- **EXERCISE OBJECTIVE**: Once the line containing "For Huawei nova" is found, please copy it and all lines after it through the end of the records, exactly, leaving out pictures.

Top of RECORDS FOR THIS EXERCISE

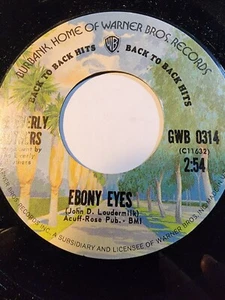 The Everly Brothers- Walk Right Back/Ebony Eyes-WB VG+ F219 - Picture 1 of 1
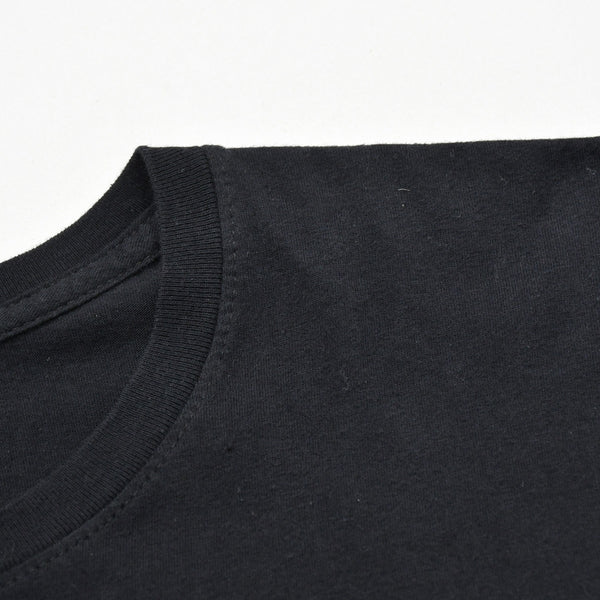 Very Good Condition CHROME HEARTS Men's Half Sleeve Pocket T-Shirt CH Cross Hairy Dagger Black Size L Used 4a009381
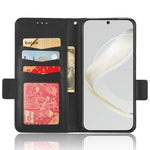For Huawei nova 11 Pro / nova 11 Ultra PU Leather Flip Cover Litchi Texture Wallet Phone Case with Strap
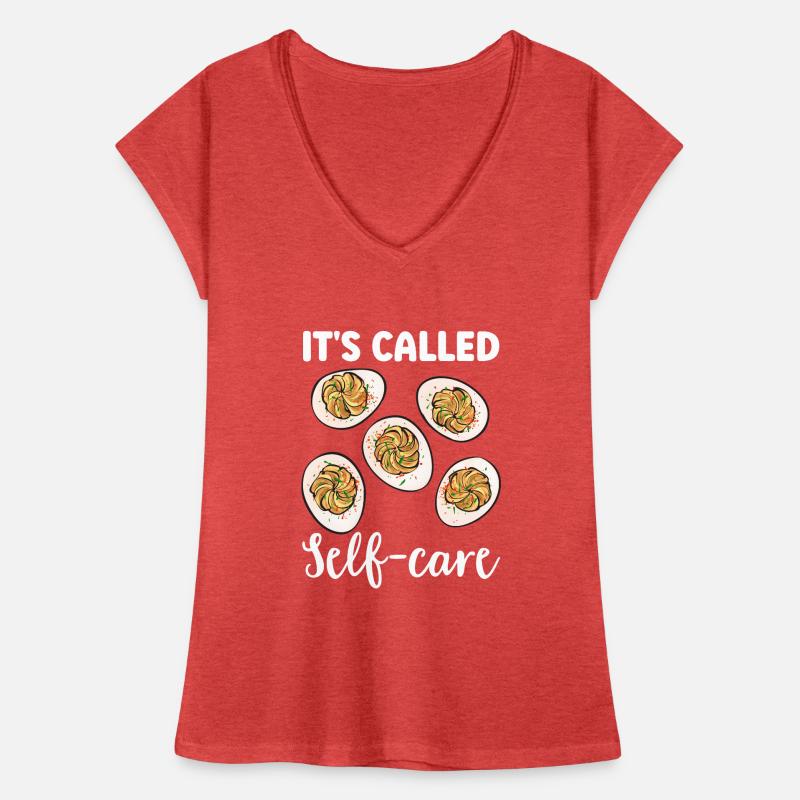 Gefüllte Eier Deviled Eggs Frauen Vintage T-Shirt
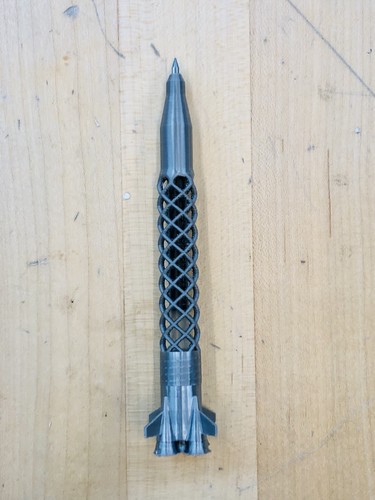 Rocket Pen with magnetic holder 3D Print 46332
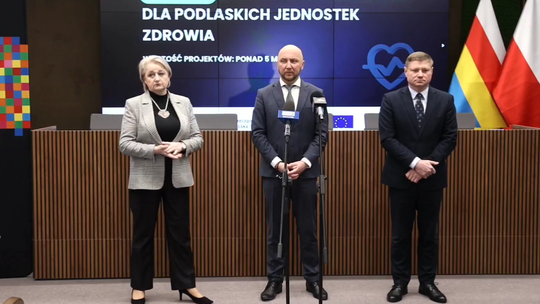 Blisko 5 mln zł na zdrowie mieszkańców Podlasia - [VIDEO]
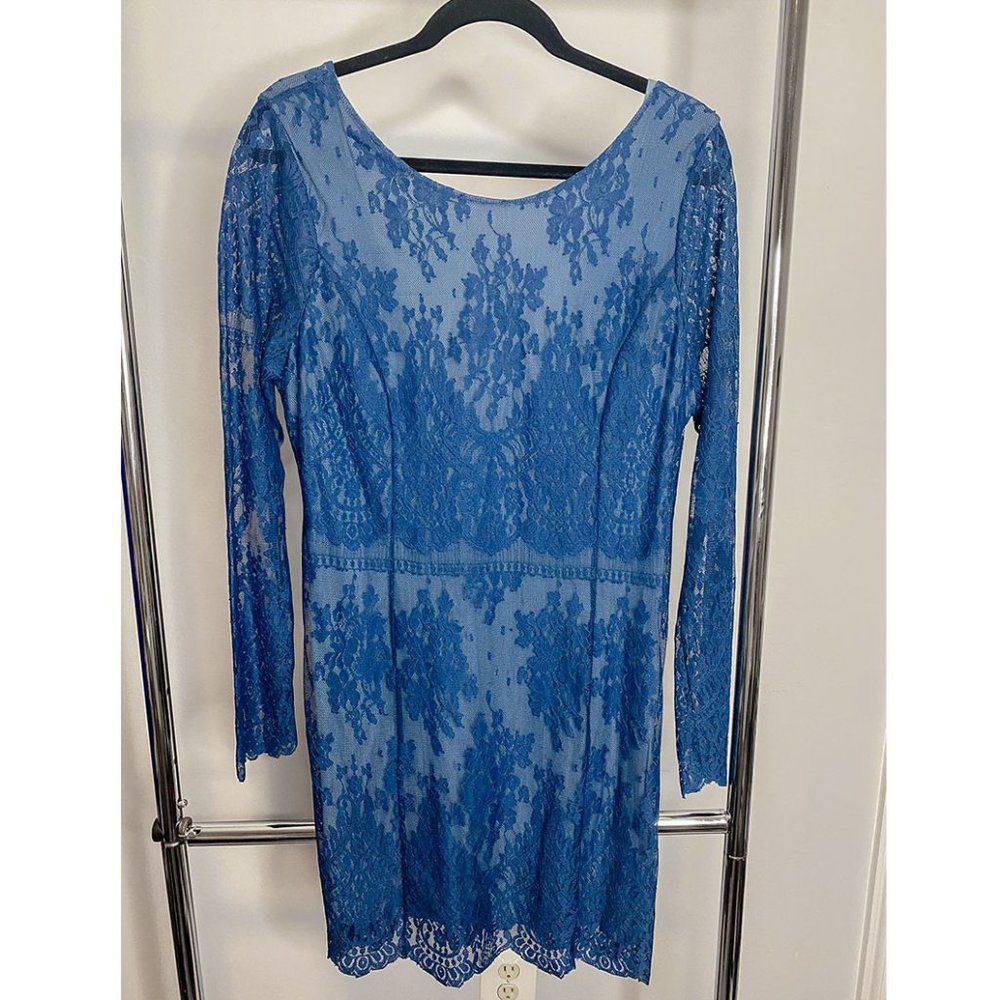 Blue Lace Formal Dress (Free People)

Bottom of RECORDS FOR THIS EXERCISE

- **YOUR RESPONSE**:
For Huawei nova 11 Pro / nova 11 Ultra PU Leather Flip Cover Litchi Texture Wallet Phone Case with Strap
 Gefüllte Eier Deviled Eggs Frauen Vintage T-Shirt
 Rocket Pen with magnetic holder 3D Print 46332
 Blisko 5 mln zł na zdrowie mieszkańców Podlasia - [VIDEO]
 Blue Lace Formal Dress (Free People)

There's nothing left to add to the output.